- **SUPPLIED MATERIAL**
*** Begin section ***

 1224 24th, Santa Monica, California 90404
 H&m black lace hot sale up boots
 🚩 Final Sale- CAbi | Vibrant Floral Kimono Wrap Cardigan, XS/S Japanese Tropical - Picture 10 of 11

*** End section ***

- **INSTRUCTIONS TO FOLLOW**
Copy the data above. Keep each line exact.

- **ANSWER AREA**
 1224 24th, Santa Monica, California 90404
 H&m black lace hot sale up boots
 🚩 Final Sale- CAbi | Vibrant Floral Kimono Wrap Cardigan, XS/S Japanese Tropical - Picture 10 of 11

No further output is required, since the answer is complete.